Dataset items:
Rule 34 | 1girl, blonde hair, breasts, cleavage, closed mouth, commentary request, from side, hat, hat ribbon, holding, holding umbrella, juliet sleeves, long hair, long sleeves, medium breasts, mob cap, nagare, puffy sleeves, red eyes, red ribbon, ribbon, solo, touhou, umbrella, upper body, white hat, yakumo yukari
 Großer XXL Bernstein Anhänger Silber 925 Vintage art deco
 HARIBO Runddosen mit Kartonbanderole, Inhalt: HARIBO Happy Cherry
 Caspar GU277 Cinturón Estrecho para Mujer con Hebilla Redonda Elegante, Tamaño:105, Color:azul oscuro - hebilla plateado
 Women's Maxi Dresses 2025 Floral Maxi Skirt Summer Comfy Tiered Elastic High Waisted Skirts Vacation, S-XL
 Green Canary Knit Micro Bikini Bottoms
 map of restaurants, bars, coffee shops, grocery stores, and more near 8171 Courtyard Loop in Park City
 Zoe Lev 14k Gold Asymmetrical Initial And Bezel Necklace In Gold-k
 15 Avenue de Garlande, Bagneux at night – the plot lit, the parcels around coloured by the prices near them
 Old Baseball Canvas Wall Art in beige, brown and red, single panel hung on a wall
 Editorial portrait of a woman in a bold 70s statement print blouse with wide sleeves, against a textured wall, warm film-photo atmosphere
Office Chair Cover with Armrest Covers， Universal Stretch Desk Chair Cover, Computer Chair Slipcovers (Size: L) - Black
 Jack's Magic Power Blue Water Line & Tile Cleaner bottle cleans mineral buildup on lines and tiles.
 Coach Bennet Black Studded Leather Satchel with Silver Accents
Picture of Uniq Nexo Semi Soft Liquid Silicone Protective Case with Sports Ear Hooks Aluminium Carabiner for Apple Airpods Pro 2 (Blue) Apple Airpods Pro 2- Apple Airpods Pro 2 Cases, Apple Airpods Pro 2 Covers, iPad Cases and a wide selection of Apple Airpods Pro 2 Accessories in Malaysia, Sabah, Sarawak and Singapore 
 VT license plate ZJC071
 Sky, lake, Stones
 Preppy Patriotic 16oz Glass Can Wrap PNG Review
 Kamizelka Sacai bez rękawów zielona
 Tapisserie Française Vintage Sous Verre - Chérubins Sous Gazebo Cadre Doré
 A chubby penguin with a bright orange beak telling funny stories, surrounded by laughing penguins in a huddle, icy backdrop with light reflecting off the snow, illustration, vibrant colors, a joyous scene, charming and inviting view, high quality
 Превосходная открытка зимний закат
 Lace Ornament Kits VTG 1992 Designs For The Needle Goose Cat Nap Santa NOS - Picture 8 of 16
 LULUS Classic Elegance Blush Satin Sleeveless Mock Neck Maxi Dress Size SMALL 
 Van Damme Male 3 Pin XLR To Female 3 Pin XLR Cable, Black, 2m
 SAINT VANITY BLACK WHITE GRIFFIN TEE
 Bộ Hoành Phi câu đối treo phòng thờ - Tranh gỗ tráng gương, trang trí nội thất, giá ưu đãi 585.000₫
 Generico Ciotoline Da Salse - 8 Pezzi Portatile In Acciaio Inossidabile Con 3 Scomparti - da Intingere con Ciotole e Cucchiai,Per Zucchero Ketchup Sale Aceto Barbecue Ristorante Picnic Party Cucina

* [What is being asked]: Print the entries above exactly as they were written, down to the last line.

* [Answer to this task]:
Rule 34 | 1girl, blonde hair, breasts, cleavage, closed mouth, commentary request, from side, hat, hat ribbon, holding, holding umbrella, juliet sleeves, long hair, long sleeves, medium breasts, mob cap, nagare, puffy sleeves, red eyes, red ribbon, ribbon, solo, touhou, umbrella, upper body, white hat, yakumo yukari
 Großer XXL Bernstein Anhänger Silber 925 Vintage art deco
 HARIBO Runddosen mit Kartonbanderole, Inhalt: HARIBO Happy Cherry
 Caspar GU277 Cinturón Estrecho para Mujer con Hebilla Redonda Elegante, Tamaño:105, Color:azul oscuro - hebilla plateado
 Women's Maxi Dresses 2025 Floral Maxi Skirt Summer Comfy Tiered Elastic High Waisted Skirts Vacation, S-XL
 Green Canary Knit Micro Bikini Bottoms
 map of restaurants, bars, coffee shops, grocery stores, and more near 8171 Courtyard Loop in Park City
 Zoe Lev 14k Gold Asymmetrical Initial And Bezel Necklace In Gold-k
 15 Avenue de Garlande, Bagneux at night – the plot lit, the parcels around coloured by the prices near them
 Old Baseball Canvas Wall Art in beige, brown and red, single panel hung on a wall
 Editorial portrait of a woman in a bold 70s statement print blouse with wide sleeves, against a textured wall, warm film-photo atmosphere
Office Chair Cover with Armrest Covers， Universal Stretch Desk Chair Cover, Computer Chair Slipcovers (Size: L) - Black
 Jack's Magic Power Blue Water Line & Tile Cleaner bottle cleans mineral buildup on lines and tiles.
 Coach Bennet Black Studded Leather Satchel with Silver Accents
Picture of Uniq Nexo Semi Soft Liquid Silicone Protective Case with Sports Ear Hooks Aluminium Carabiner for Apple Airpods Pro 2 (Blue) Apple Airpods Pro 2- Apple Airpods Pro 2 Cases, Apple Airpods Pro 2 Covers, iPad Cases and a wide selection of Apple Airpods Pro 2 Accessories in Malaysia, Sabah, Sarawak and Singapore 
 VT license plate ZJC071
 Sky, lake, Stones
 Preppy Patriotic 16oz Glass Can Wrap PNG Review
 Kamizelka Sacai bez rękawów zielona
 Tapisserie Française Vintage Sous Verre - Chérubins Sous Gazebo Cadre Doré
 A chubby penguin with a bright orange beak telling funny stories, surrounded by laughing penguins in a huddle, icy backdrop with light reflecting off the snow, illustration, vibrant colors, a joyous scene, charming and inviting view, high quality
 Превосходная открытка зимний закат
 Lace Ornament Kits VTG 1992 Designs For The Needle Goose Cat Nap Santa NOS - Picture 8 of 16
 LULUS Classic Elegance Blush Satin Sleeveless Mock Neck Maxi Dress Size SMALL 
 Van Damme Male 3 Pin XLR To Female 3 Pin XLR Cable, Black, 2m
 SAINT VANITY BLACK WHITE GRIFFIN TEE
 Bộ Hoành Phi câu đối treo phòng thờ - Tranh gỗ tráng gương, trang trí nội thất, giá ưu đãi 585.000₫
 Generico Ciotoline Da Salse - 8 Pezzi Portatile In Acciaio Inossidabile Con 3 Scomparti - da Intingere con Ciotole e Cucchiai,Per Zucchero Ketchup Sale Aceto Barbecue Ristorante Picnic Party Cucina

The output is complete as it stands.